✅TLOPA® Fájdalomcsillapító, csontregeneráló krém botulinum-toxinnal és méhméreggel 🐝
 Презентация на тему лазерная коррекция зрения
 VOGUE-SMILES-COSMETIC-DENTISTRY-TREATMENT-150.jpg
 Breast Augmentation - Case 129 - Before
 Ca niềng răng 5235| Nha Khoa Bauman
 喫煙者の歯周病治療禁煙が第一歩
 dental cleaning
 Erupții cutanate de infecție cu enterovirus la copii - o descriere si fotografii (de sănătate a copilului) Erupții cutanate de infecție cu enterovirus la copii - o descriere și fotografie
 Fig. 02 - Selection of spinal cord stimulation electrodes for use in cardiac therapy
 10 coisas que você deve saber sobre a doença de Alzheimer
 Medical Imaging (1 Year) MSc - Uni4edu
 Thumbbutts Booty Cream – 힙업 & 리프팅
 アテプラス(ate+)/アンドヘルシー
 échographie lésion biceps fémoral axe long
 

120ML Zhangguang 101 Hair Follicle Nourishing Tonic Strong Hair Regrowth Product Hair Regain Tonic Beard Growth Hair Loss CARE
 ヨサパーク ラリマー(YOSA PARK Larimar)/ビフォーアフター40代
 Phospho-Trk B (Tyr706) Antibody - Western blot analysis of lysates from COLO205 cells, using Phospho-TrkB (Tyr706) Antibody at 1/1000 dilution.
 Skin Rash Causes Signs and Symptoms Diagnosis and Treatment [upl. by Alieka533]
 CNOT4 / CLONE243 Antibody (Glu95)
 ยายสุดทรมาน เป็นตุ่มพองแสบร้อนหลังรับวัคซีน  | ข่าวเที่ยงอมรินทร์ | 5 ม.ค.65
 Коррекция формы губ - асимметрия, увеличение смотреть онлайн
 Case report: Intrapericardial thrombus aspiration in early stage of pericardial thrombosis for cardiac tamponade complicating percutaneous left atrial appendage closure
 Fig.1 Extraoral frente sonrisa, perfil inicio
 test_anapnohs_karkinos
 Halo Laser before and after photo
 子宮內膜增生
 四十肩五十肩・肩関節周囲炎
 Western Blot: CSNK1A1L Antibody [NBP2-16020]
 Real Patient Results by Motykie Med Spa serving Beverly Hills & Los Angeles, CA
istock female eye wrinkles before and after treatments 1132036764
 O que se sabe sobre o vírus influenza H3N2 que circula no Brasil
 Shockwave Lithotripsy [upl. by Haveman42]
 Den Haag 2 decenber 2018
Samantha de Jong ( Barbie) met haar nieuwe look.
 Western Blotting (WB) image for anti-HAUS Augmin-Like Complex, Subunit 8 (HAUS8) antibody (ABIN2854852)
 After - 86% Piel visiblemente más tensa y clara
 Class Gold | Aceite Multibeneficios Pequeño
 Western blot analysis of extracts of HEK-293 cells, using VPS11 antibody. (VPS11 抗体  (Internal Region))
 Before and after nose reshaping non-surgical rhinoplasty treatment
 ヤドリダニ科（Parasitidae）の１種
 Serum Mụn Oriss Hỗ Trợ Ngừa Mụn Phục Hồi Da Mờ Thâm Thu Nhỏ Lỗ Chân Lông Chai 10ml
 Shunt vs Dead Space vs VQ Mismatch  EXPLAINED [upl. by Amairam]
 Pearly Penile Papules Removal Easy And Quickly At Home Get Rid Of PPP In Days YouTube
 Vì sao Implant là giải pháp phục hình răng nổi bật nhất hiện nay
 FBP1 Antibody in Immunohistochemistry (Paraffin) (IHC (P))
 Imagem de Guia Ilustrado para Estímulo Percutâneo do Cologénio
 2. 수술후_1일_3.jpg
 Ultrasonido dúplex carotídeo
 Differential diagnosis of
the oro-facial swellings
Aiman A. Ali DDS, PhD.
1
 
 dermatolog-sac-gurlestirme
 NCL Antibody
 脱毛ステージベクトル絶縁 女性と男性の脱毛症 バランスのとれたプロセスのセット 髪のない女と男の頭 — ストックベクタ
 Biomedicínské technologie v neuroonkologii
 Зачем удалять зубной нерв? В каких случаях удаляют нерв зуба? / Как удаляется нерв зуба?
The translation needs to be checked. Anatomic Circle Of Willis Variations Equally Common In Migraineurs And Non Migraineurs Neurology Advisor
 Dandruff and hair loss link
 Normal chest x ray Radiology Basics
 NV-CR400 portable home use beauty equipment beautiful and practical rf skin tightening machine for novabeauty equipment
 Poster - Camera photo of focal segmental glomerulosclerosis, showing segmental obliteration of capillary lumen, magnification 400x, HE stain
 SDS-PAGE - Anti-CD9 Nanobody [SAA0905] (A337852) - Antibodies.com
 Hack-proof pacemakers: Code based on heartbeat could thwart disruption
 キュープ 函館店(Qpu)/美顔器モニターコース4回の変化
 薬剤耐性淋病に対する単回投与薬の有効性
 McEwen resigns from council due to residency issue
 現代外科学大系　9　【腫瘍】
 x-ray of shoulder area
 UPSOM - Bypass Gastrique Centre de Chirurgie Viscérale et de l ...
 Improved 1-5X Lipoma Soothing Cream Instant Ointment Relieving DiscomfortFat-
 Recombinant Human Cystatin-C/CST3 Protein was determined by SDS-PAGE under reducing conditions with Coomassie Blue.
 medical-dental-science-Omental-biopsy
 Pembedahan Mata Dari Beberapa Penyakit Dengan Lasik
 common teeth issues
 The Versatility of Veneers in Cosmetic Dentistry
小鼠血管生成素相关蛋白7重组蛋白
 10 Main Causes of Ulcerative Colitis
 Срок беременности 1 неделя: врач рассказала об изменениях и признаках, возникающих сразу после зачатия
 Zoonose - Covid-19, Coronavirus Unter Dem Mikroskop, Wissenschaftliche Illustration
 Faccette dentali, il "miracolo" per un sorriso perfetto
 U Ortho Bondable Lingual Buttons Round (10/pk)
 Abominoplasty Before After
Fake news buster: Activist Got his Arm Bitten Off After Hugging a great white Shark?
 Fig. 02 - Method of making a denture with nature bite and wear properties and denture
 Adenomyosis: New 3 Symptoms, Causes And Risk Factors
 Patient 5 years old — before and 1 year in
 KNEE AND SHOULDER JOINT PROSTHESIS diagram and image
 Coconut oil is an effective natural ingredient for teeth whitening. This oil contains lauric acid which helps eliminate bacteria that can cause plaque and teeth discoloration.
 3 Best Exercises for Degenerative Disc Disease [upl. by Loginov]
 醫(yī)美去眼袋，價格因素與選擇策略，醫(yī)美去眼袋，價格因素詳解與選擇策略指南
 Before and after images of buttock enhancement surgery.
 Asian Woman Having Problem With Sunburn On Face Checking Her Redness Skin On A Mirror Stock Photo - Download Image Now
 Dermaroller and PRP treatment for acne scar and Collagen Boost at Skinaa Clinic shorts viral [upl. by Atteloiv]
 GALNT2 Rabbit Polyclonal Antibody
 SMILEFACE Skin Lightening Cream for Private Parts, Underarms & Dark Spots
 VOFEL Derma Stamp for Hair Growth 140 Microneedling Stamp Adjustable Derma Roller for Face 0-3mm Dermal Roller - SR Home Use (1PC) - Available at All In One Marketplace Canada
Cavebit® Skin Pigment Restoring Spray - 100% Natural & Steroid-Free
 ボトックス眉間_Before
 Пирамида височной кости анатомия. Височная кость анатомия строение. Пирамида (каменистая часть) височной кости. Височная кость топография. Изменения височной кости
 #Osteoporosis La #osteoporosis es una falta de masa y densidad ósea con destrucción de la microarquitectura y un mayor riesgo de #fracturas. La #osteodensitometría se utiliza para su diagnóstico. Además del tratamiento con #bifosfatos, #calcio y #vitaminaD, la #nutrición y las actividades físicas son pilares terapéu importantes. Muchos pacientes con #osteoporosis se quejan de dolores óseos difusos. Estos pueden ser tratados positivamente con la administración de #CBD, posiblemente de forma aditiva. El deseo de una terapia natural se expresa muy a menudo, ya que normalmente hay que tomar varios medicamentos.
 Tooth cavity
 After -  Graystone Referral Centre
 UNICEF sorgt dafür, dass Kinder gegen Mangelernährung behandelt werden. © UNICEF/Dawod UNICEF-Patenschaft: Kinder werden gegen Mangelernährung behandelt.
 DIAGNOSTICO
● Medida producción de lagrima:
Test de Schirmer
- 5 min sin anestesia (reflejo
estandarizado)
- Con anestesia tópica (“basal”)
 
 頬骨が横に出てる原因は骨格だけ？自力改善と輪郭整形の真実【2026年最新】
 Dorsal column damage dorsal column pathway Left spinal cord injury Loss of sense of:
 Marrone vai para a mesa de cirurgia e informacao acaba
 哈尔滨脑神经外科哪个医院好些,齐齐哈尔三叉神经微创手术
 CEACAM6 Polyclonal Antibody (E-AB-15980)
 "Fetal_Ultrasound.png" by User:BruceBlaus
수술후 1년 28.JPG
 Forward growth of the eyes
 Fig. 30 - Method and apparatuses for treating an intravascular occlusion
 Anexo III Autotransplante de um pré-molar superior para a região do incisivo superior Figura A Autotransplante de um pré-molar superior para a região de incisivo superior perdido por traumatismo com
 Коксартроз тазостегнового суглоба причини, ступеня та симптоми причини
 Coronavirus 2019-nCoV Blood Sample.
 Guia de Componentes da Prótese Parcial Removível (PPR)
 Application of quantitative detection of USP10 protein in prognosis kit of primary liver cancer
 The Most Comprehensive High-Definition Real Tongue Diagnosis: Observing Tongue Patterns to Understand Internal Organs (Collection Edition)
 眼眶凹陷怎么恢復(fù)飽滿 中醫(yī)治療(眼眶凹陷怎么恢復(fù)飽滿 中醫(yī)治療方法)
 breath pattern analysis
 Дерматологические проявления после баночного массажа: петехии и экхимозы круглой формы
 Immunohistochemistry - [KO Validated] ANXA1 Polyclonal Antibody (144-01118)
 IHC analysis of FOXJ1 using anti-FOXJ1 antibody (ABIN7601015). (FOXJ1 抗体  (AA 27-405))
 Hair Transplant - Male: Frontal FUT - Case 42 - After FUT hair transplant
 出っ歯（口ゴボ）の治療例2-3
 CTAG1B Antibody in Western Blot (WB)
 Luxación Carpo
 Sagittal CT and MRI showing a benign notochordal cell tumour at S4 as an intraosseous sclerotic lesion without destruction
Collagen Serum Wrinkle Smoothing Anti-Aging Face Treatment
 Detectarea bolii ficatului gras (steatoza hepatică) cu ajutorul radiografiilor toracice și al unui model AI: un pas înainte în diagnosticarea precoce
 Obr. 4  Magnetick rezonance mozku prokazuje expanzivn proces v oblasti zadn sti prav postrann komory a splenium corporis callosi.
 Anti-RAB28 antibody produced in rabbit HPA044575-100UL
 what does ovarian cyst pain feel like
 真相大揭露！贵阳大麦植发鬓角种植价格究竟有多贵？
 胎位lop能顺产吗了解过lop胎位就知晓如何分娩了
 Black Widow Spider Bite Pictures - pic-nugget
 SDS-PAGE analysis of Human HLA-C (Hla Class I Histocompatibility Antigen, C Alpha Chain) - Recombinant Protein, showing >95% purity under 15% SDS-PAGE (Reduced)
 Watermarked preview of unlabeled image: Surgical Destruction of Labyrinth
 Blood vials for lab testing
-- -- --
• **What the task asks**: Starting at the line with "Sagittal CT and", copy every line down to the last one above, exactly as written and with nothing else.

• **Solution for this problem**:
 Sagittal CT and MRI showing a benign notochordal cell tumour at S4 as an intraosseous sclerotic lesion without destruction
Collagen Serum Wrinkle Smoothing Anti-Aging Face Treatment
 Detectarea bolii ficatului gras (steatoza hepatică) cu ajutorul radiografiilor toracice și al unui model AI: un pas înainte în diagnosticarea precoce
 Obr. 4  Magnetick rezonance mozku prokazuje expanzivn proces v oblasti zadn sti prav postrann komory a splenium corporis callosi.
 Anti-RAB28 antibody produced in rabbit HPA044575-100UL
 what does ovarian cyst pain feel like
 真相大揭露！贵阳大麦植发鬓角种植价格究竟有多贵？
 胎位lop能顺产吗了解过lop胎位就知晓如何分娩了
 Black Widow Spider Bite Pictures - pic-nugget
 SDS-PAGE analysis of Human HLA-C (Hla Class I Histocompatibility Antigen, C Alpha Chain) - Recombinant Protein, showing >95% purity under 15% SDS-PAGE (Reduced)
 Watermarked preview of unlabeled image: Surgical Destruction of Labyrinth
 Blood vials for lab testing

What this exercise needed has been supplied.